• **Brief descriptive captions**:

◆ ◆ ◆ ◆ ◆

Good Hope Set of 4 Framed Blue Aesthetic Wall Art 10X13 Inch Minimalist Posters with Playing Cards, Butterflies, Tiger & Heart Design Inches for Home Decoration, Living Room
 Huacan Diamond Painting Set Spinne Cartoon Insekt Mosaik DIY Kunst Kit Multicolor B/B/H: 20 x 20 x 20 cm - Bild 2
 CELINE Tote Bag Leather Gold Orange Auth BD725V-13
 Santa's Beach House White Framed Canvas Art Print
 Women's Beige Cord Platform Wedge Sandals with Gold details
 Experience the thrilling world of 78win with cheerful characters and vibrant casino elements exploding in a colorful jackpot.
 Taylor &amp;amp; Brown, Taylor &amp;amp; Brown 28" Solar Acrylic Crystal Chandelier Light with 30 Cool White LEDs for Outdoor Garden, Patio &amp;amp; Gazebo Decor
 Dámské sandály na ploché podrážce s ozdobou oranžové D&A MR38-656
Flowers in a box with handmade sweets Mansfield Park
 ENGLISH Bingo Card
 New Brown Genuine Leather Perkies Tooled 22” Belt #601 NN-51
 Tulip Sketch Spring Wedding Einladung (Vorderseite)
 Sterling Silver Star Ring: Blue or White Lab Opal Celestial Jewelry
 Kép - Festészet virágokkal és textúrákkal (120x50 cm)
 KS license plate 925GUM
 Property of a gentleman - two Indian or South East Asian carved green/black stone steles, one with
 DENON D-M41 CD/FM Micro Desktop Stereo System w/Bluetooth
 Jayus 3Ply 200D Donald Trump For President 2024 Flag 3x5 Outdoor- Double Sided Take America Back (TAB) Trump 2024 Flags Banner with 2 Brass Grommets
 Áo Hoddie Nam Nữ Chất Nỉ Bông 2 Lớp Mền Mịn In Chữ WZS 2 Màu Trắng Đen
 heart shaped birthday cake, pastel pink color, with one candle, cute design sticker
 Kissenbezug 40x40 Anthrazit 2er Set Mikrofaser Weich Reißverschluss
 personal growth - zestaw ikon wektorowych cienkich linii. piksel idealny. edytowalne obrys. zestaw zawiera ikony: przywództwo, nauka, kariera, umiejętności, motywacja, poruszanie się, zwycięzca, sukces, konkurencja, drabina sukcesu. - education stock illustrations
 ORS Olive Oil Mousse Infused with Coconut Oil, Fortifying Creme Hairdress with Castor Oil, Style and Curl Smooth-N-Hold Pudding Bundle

◆ ◆ ◆ ◆ ◆

• **Your assignment**:
Go through the records above line by line and say how many lines include "Framed", giving only that number.

• **Your solution**:
2